FIG. 2 shows the sleeve 105 of FIG. 1 with bearing elements 125 fixed to the inner surface 117 of the sleeve 105. The bearing elements may be fixed to the outer surface of liner 115 of FIG. 1. The bearing elements 125 allow the liner 115 of FIG. 1 to rotate freely within the sleeve 105 when the sleeve 105 is in a non-rotating position. The bearing elements 125 can be realized as needle bearings. A needle roller bearing can be realized as a bearing that uses small cylindrical rollers. The bearing elements 125 can be selected to have a radius sized to allow the liner 115 to be fitted within the sleeve 105 including the bearing elements 125. Bushings can be used rather than bearings, since bushings are more forgiving than bearings in a drilling environment, where drilled cuttings and barite are abrasive. The sleeve 105 having the bearing elements 125 (and/or bushings) can be structured with an outer diameter that is less than the effective diameter of the drill bit 120 of FIG. 1.

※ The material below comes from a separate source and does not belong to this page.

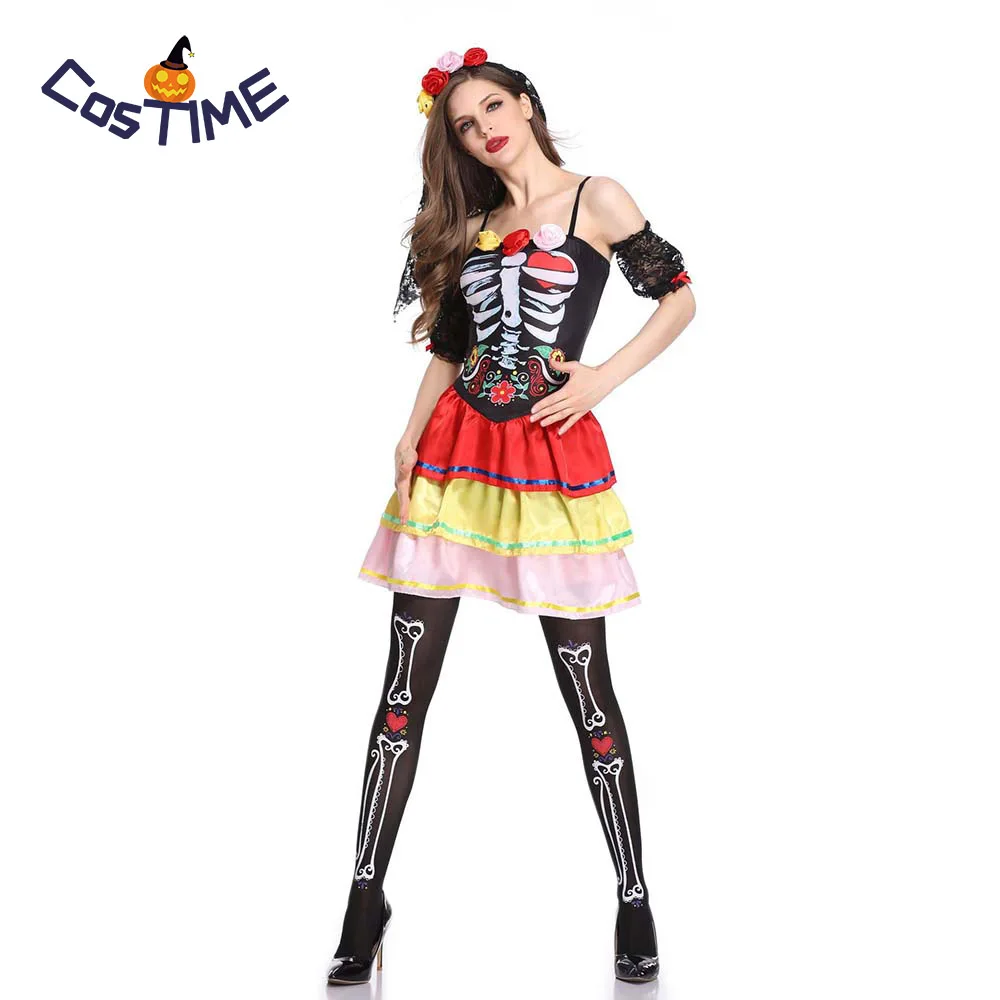 Day of the Dead Adult Halloween Costume Flower Sugar Skull Ladies Fancy Dress Miss Dead Mexican Halloween Costumes for Women
Day of the Dead Adult Halloween Costume Flower Sugar Skull Ladies Fancy Dress Miss Dead Mexican Halloween Costumes for Women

FIG. 3 is a schematic representation of an embodiment of an example non-rotating drill-in packer 302 arranged with a stage collar 330. The drill-in packer 302 can be structured, similar or identical to the drill-in packer 102 of FIG. 1, having a sleeve 305 to fit over a liner 315, where the sleeve 305 can be positioned above a drill bit 320 for the liner 315. The sleeve 305 can include annular expandable packer elements 310 such that the sleeve 305 can be operationally non-rotating. The stage collar 330 can be positioned above the sleeve 305 and can include one or more openings through which cement can flow into a region between the liner 315 and a formation. With the liner pressed against the formation or with the packer elements 310 expanded against the formation, the sleeve 305 can be held in a non-rotating position as the liner is rotated. With the liner rotating, cement can be dispensed through the one or more openings of the stage collar 330 such that cement can be provided in a complete 360 degree region around the liner 315, between the liner 315 and the surrounding formation and above the sleeve 305. Tubing to deliver cement can be used in lieu of the stage collar 330. Optionally, a stage collar 335 can be located below the sleeve 305 to allow the dispensing of cement in a complete 360 degree region around the liner 315, between the liner 315 and the surrounding formation and below the sleeve 305. Tubing to deliver cement tubing can be used in lieu of the stage collar 335.

The packer elements 310 can be arranged similar or identical to the packers 110 of FIG. 1. The packer elements 310 can be arranged in an axial position relative to the sleeve 305. An axial position is a position parallel to the longitudinal axis of the sleeve 305. The number of packer elements 310 can be selected to be spaced around the sleeve 305 such that, when expanded, the packer elements press against a wellbore providing a 360° seal with respect to sealing regions below the packer elements 310 from regions above the packer elements 310. The seal is 360° in that at there is a seal around the sleeve 305 though not necessarily in a horizontal orientation. Alternatively, the packer elements can be arranged in a horizontal position with respect to the axis of the sleeve 305 to provide the desired sealing function when expanded. In addition, the packer elements 310 may be arranged in other orientations that provide a 360° seal with respect to sealing regions below the packer elements from regions above the packer elements 310. For example, the packer elements 310 may be realized as a single packer 312 (the region between the dashed lines shown in FIG. 3) attached to sleeve 305 such that the single packer 312 is arranged substantially completely around the sleeve 305. Such a single packer 312 can be disposed from near the top of the sleeve 305 to near the bottom of the sleeve 305. Alternatively, the single packer 312 may extend a shorter distance along the longitudinal axis of the sleeve 305. This shorter single packer 312 can be disposed centrally with respect to the length of the sleeve 305. Another structural arrangement can include a set of packers, with each packer of the set arranged substantially completely around the sleeve, the packers of the set disposed along the longitudinal axis of the sleeve 305 with the packers of the set arranged in series with a distance between each packer.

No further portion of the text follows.